Action item: Word for word, copy the line that contains "4 M Wholesale" and each line after it in the data below. Pictures stay out of the copy.

———

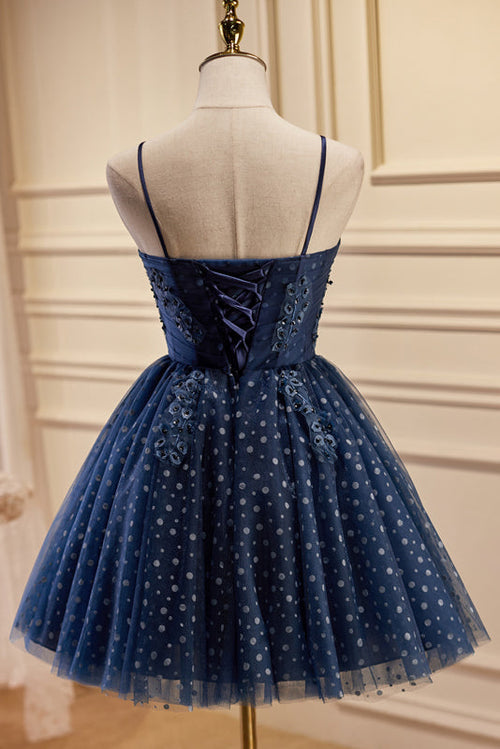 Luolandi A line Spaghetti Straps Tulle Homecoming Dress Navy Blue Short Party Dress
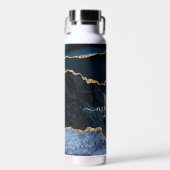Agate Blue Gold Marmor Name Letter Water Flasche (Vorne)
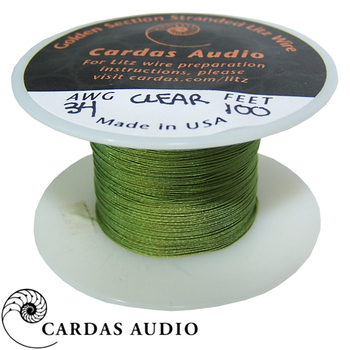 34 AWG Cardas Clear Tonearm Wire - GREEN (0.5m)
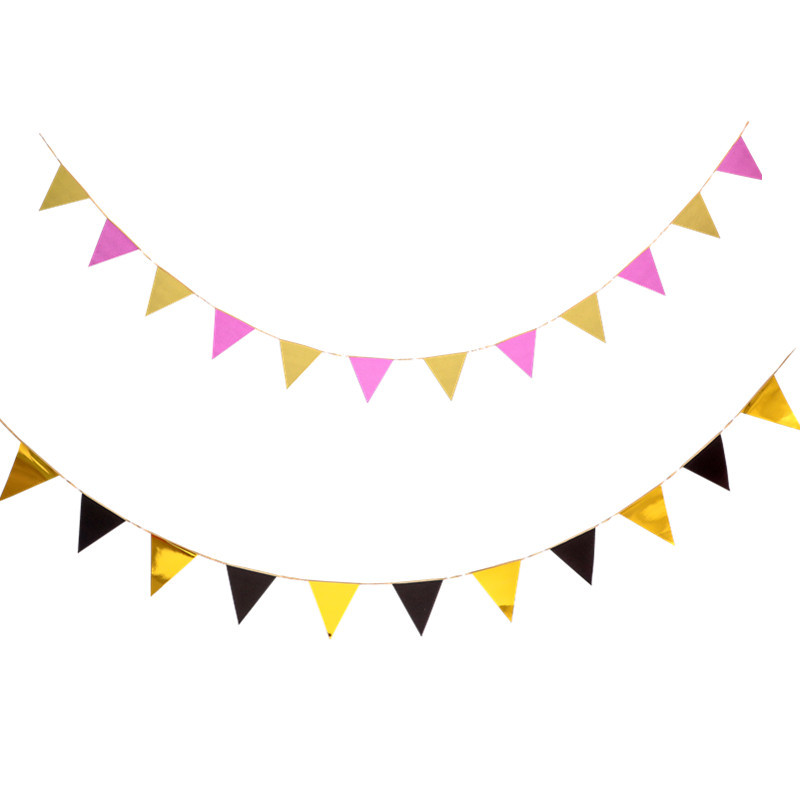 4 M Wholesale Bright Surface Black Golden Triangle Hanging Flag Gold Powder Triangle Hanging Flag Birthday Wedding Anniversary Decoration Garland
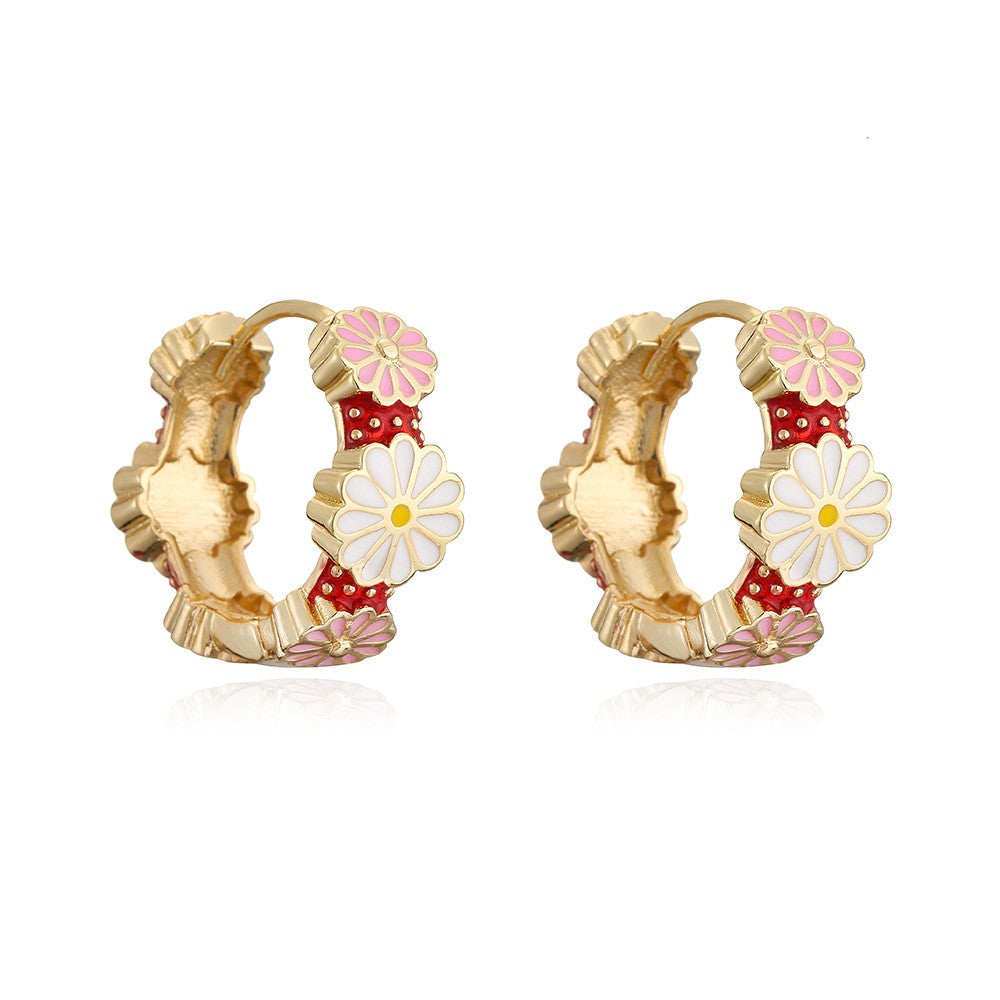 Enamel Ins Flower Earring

———

Answer box:
 4 M Wholesale Bright Surface Black Golden Triangle Hanging Flag Gold Powder Triangle Hanging Flag Birthday Wedding Anniversary Decoration Garland
 Enamel Ins Flower Earring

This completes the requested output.